[[ SUPPLIED MATERIAL, beginning ]]

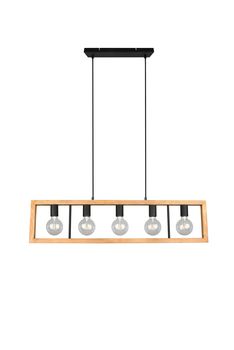 Suspension rectangle en bois et noir AGRA de Triolighting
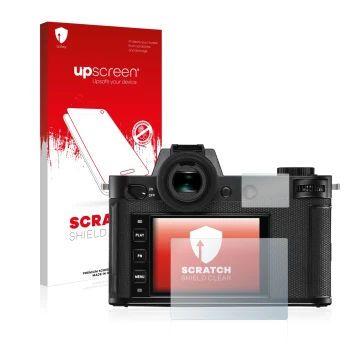 Vorderseite einer Produktverpackung mit dem Markenlogo upscreen. Daneben ist das Gerät Leica SL2 mit dem zugehörigen Displaysc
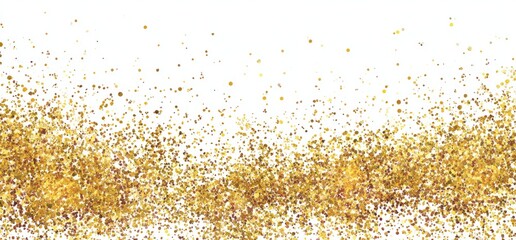 Golden glitter explosion against white backdrop, dense at bottom, sparsely scattered at top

[[ SUPPLIED MATERIAL, end ]]

TASK DESCRIPTION>
The line with "Vorderseite einer Produktverpackung" marks the start, and the last line of the material marks the end. Reproduce exactly those two lines and every line between them, without the pictures.

RESPONSE TO THE EXERCISE>
 Vorderseite einer Produktverpackung mit dem Markenlogo upscreen. Daneben ist das Gerät Leica SL2 mit dem zugehörigen Displaysc
 Golden glitter explosion against white backdrop, dense at bottom, sparsely scattered at top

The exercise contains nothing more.